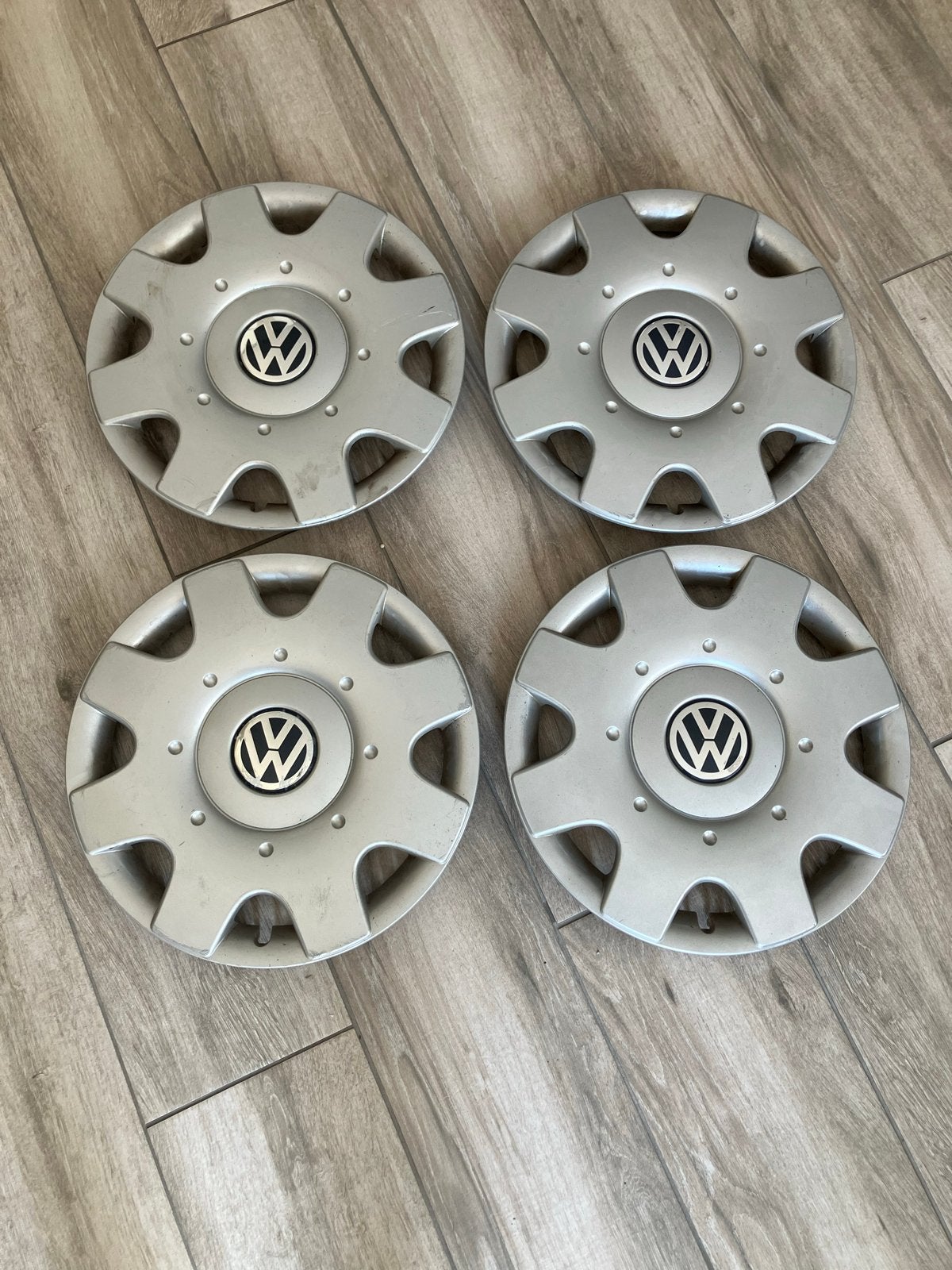 Set van 4 originele VW wieldoppen, Auto diversen, Ophalen of Verzenden, Gebruikt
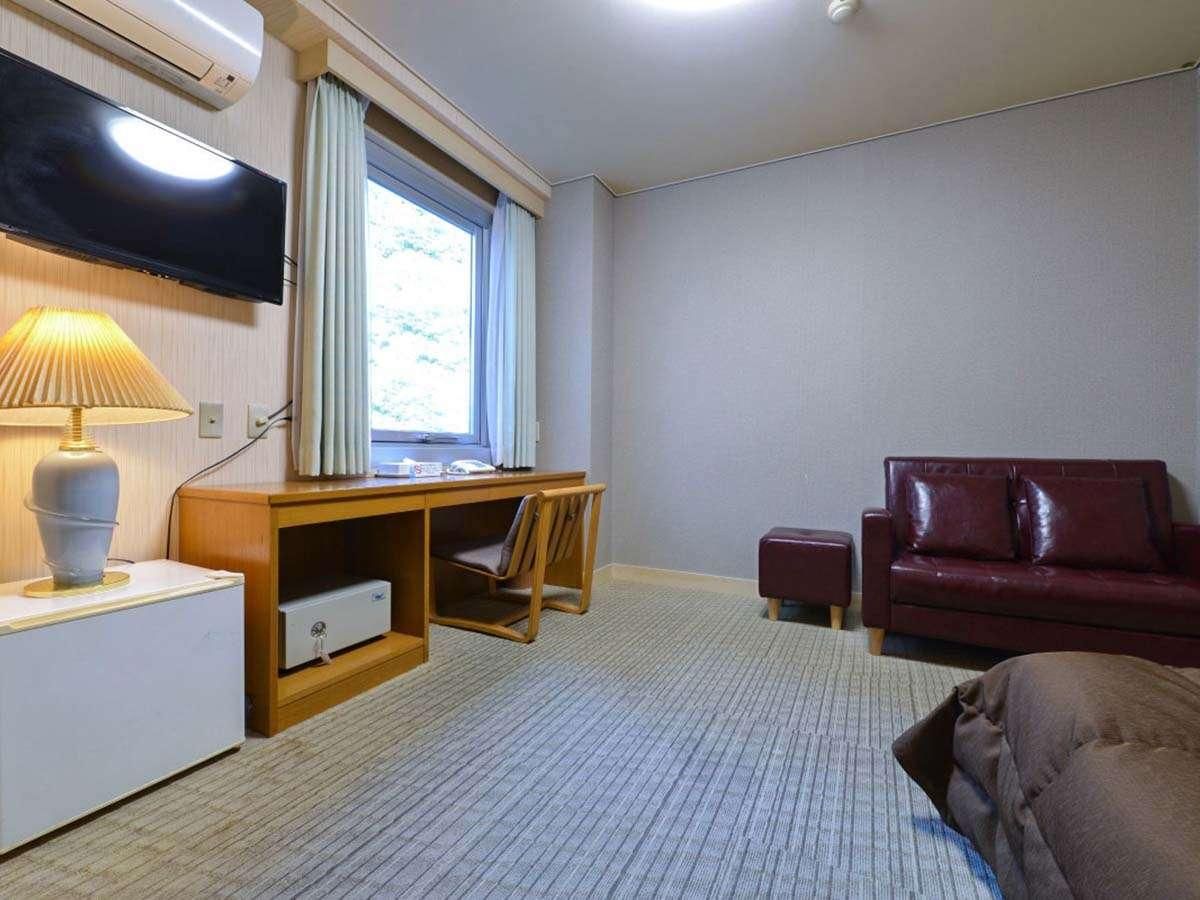Hyakka building Economy Single Room, Shared Bathroom, Non-Smoking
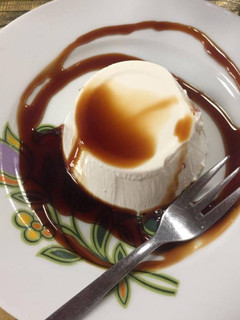 Una foto de Panna Cotta de caramelo 🍬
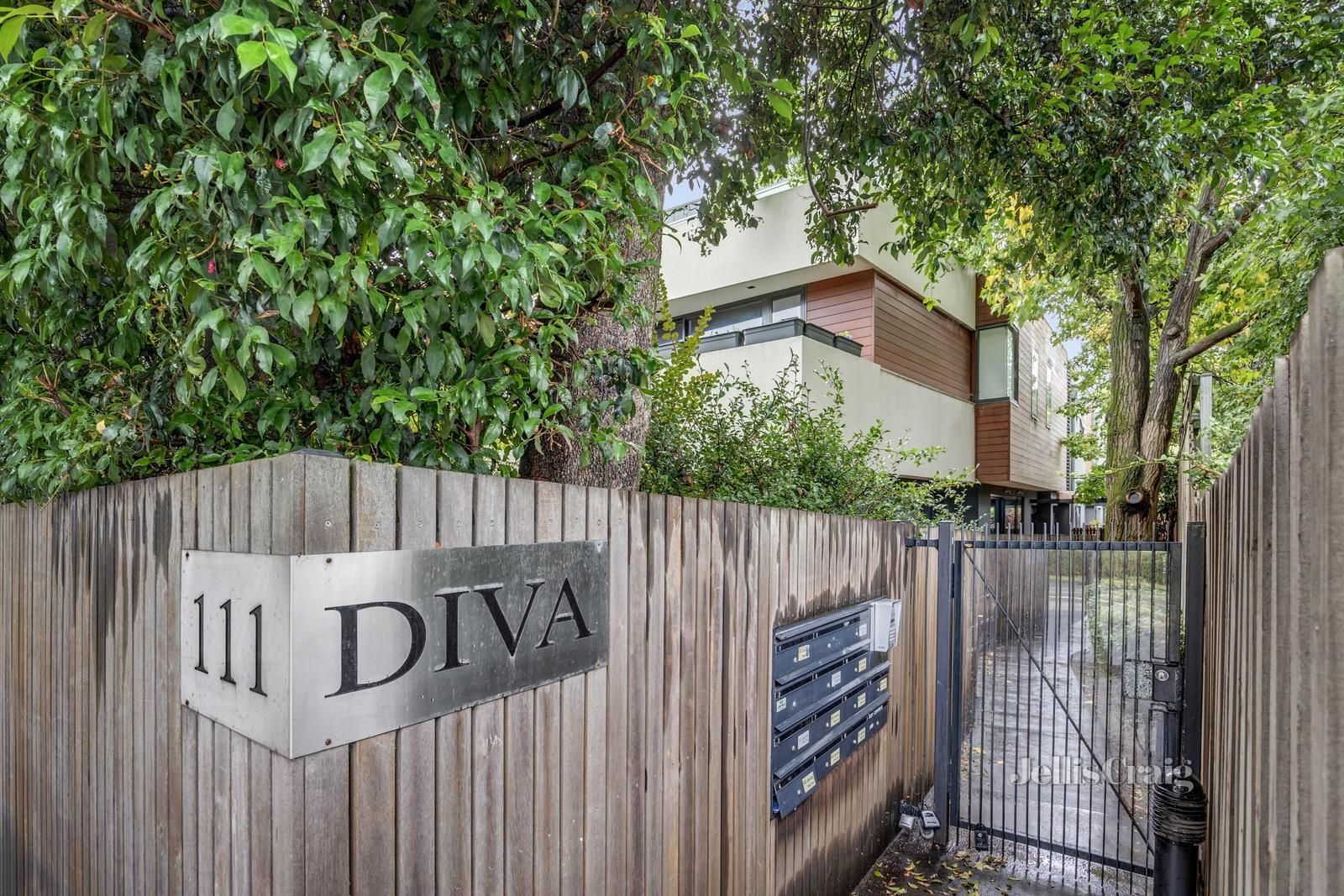 1 bedrooms Apartment / Unit / Flat in 1/111 Riversdale Road HAWTHORN VIC, 3122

▶ **What is expected**: Your job is to reproduce the material exactly. Keep pictures out of it.

▶ **Solution for this problem**:
 Set van 4 originele VW wieldoppen, Auto diversen, Ophalen of Verzenden, Gebruikt
Hyakka building Economy Single Room, Shared Bathroom, Non-Smoking
 Una foto de Panna Cotta de caramelo 🍬
 1 bedrooms Apartment / Unit / Flat in 1/111 Riversdale Road HAWTHORN VIC, 3122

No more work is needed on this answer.